# For Sale: Classic Jacobs Wind Electric 3kW, 110VDC Wind Turbine



## willi (Dec 29, 2020)

Rare, 3kW, 110VDC, single-commutator, long-case Jacobs wind turbine system & tower for sale: $8,000. (Note: the 30% Federal Renewable Energy Tax credit for small residential wind turbines would reduce this cost by $2400). This classic Jacobs wind turbine is complete and ready to fly again!

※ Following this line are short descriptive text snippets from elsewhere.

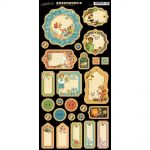 Graphic 45 - Children's Hour Collection - Chipboard Die-Cuts 6"X12" Sheet - Journaling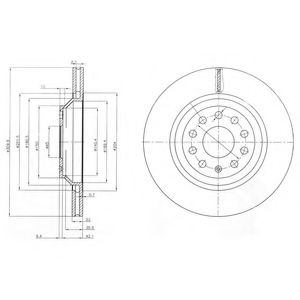 Тормозной диск DELPHI BG3975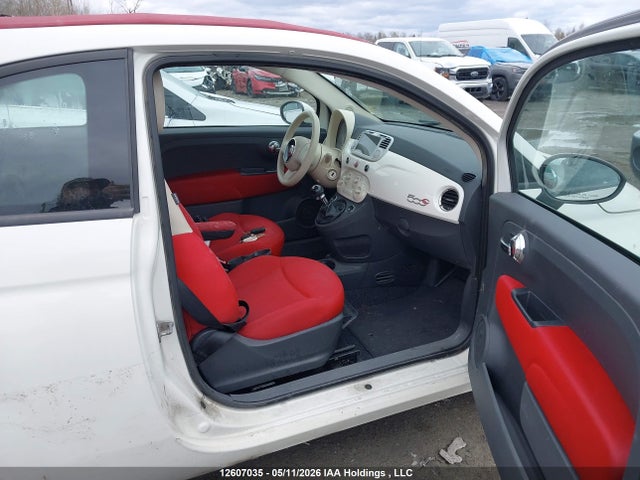 2012 Fiat 500c Pop მანქანა იყიდება აუქციონზე, vin: 3C3CFFDR5CT379578, აუქციონის ნომერი: 12607035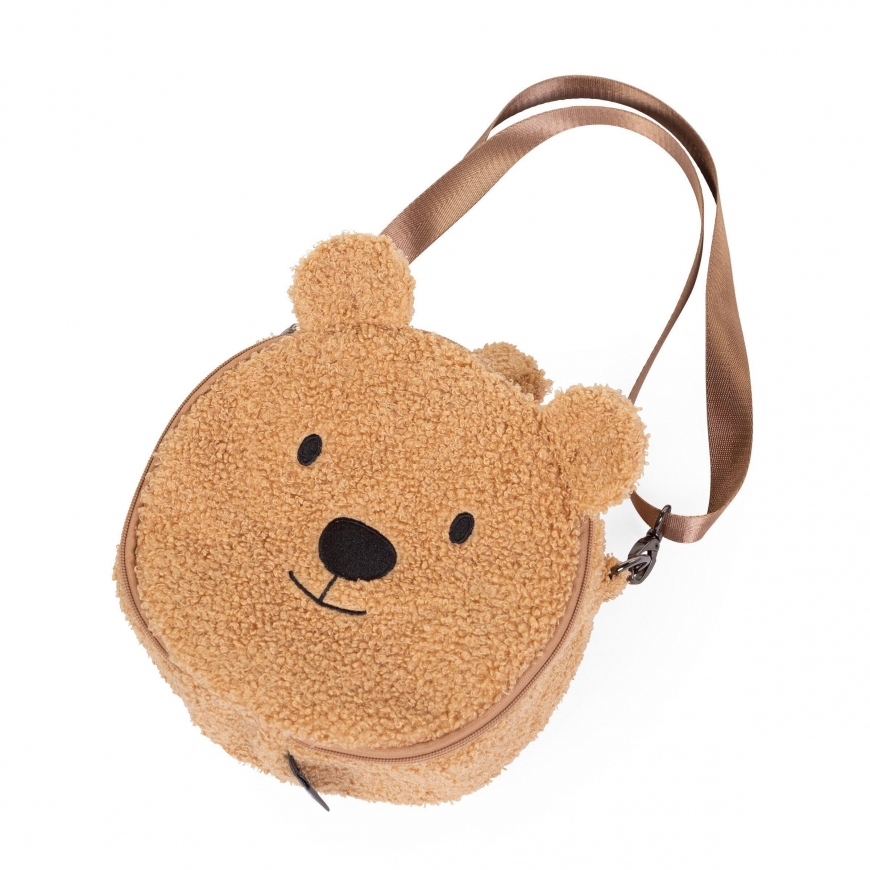 CHILDHOME CHILDREN`S HANDBAG TEDDY BROWN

System includes the following items:
*Generator:* completely restored. Commutator turned-down, 188 bars undercut and polished; armature windings steam-cleaned, oven-baked and coated with an insulating paint. Includes new armature shaft bearings, brand-new stator windings, and new generator brushes. The generator neutral setting was confirmed, which minimizes generator brush arching – ensuring the longest generator brush life.
*Blade-Activated Governor With Blades:* governor and blades have *never* been used and are in outstanding condition. Governor comes with three custom-designed tension springs made from chrome silicon steel to ensure long fatigue life and drop-forged speed-adjustment rods for added safety. The three blades have a stainless steel leading edge for added hail damage protection and are painted with aluminum paint similar to that used on the original Jacobs blades. The blades & governor assembly have been statically balanced and blade pitch set to within 0.2 degrees - ensuring smooth rotor operation.
*Tail Vane Assembly:* pull-out spring, stop chain, and pull-out chain are included.
*Control Panel:* 110VDC Jacobs control panel along with the Jacobs wind plant owner’s manual.
*Tower:* 70-foot tall, 4-legged, galvanized tower originally supported a Jacobs Wind Electric wind turbine plant on a farm in North Dakota. Tower parts were laid out on the ground - all are present and accounted for! The top 10-foot tower section was re-assembled with the Jacobs tower cap and upper collector castings as well as the generator saddle assembly to ensure it yaws freely. (Note: tower height can be increased because made from readily available 1/8 inch thick steel angle-iron and steel flat material – will include two extra original 10-foot climbing ladder pieces).
*Miscellaneous:* the slipring assembly is brand-new as well as the slipring brushes. A new generator–to–slipring power cable is included with the top 10-foot tower section. System includes an original Jacobs pull-out winch. The turntable tapered roller bearing (Timken p/n 395-S) and lower collector casting bushing are both new.


----------



## genuinewine63 (9 mo ago)

Did you sell it ?


----------



## willi (Dec 29, 2020)

This 3kW Classic Jake is still available - make an offer.


----------